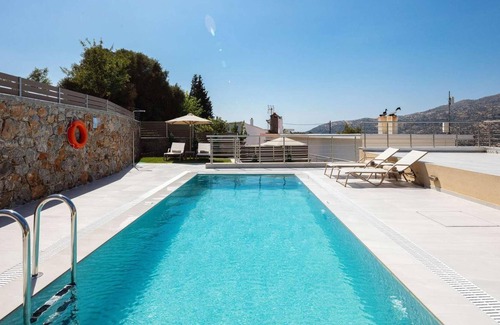 Orne Villa | 4 bedroom accommodation in Aghia Galini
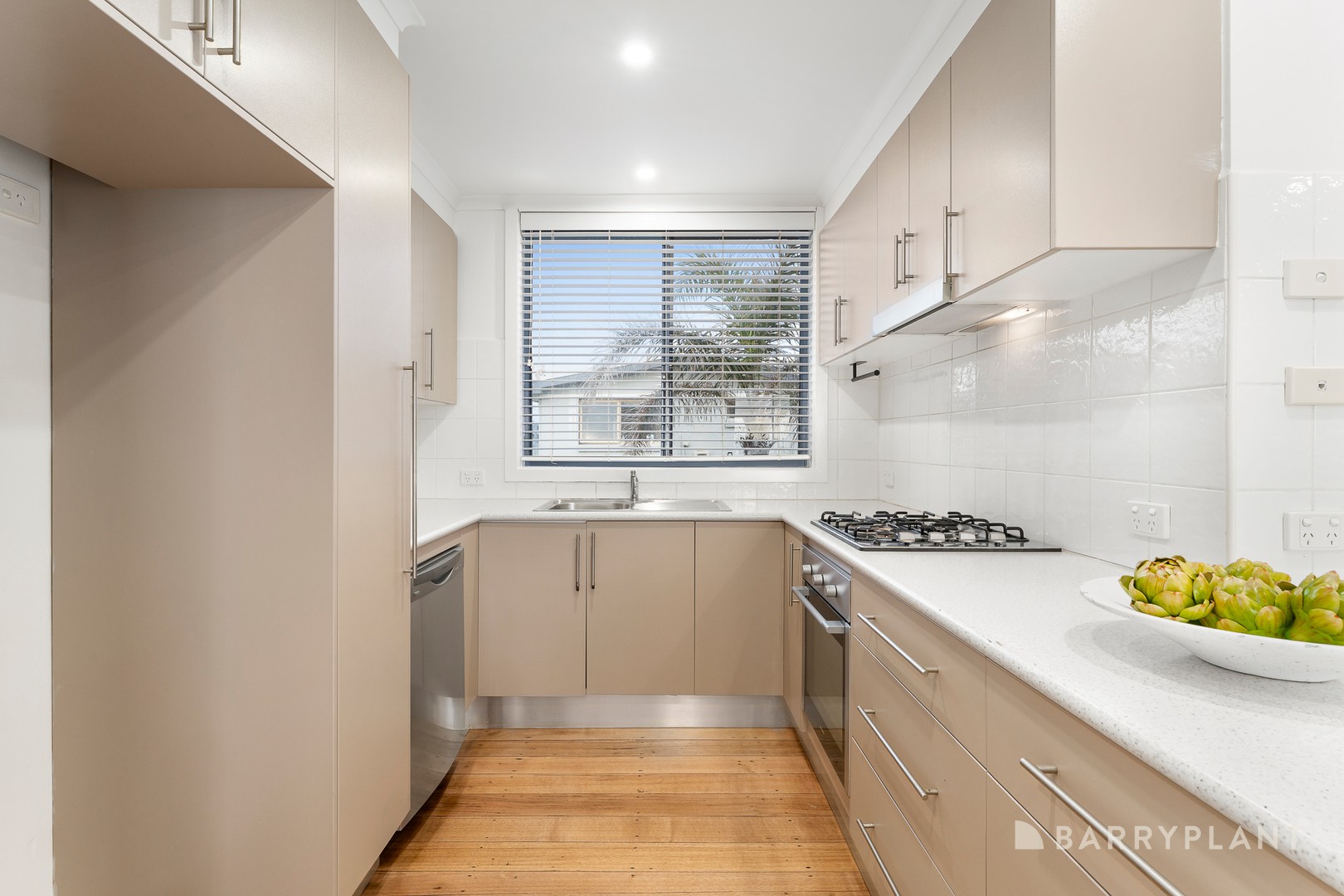 1/10 Bank Road, Edithvale, VIC 3196, Edithvale - Thumbnail 7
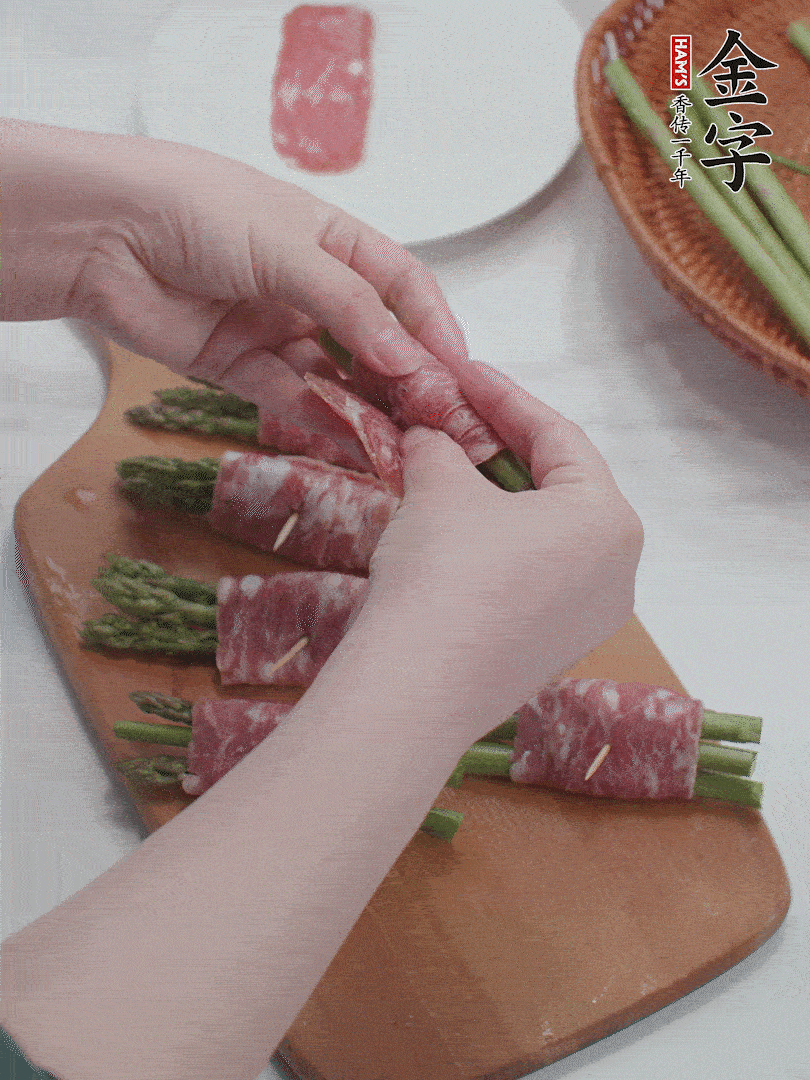 芦笋切小段，芦笋段用im电竞
培根火腿卷起。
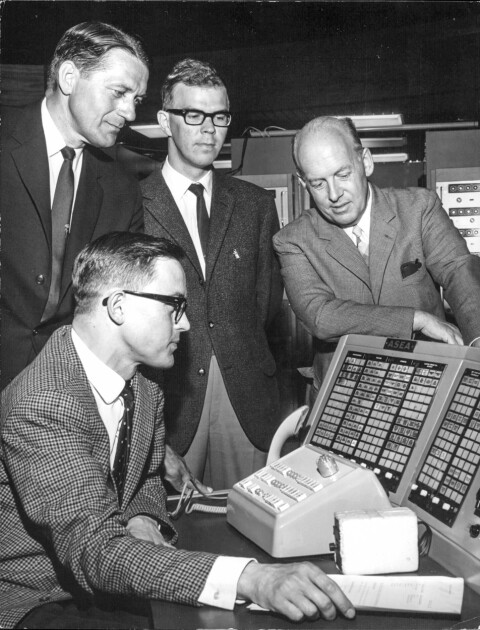 Provstart av Ågestaverkets R3 Adam 1963. Driftchefen Nils Rydell läste av manöverbordets instrument vid igångsättandet av reaktorn. Stående från vänster syns tekniske direktören E Göthe Malmlöw, reaktorinspektören Tore Nilsson och vd Harry Brynielsson. Foto: SVENSKA DAGBLADET/TT Provstart av Ågestaverkets R3 Adam 1963. Driftchefen Nils Rydell läste av manöverbordets instrument vid igångsättandet av reaktorn. Stående från vänster syns tekniske direktören E Göthe Malmlöw, reaktorinspektören Tore Nilsson och vd Harry Brynielsson. Foto: SVENSKA DAGBLADET/TT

******************************

Copy all the entries word for word. Omit any pictures.

◆ **Result**:
 Orne Villa | 4 bedroom accommodation in Aghia Galini
 1/10 Bank Road, Edithvale, VIC 3196, Edithvale - Thumbnail 7
 芦笋切小段，芦笋段用im电竞
培根火腿卷起。
 Provstart av Ågestaverkets R3 Adam 1963. Driftchefen Nils Rydell läste av manöverbordets instrument vid igångsättandet av reaktorn. Stående från vänster syns tekniske direktören E Göthe Malmlöw, reaktorinspektören Tore Nilsson och vd Harry Brynielsson. Foto: SVENSKA DAGBLADET/TT Provstart av Ågestaverkets R3 Adam 1963. Driftchefen Nils Rydell läste av manöverbordets instrument vid igångsättandet av reaktorn. Stående från vänster syns tekniske direktören E Göthe Malmlöw, reaktorinspektören Tore Nilsson och vd Harry Brynielsson. Foto: SVENSKA DAGBLADET/TT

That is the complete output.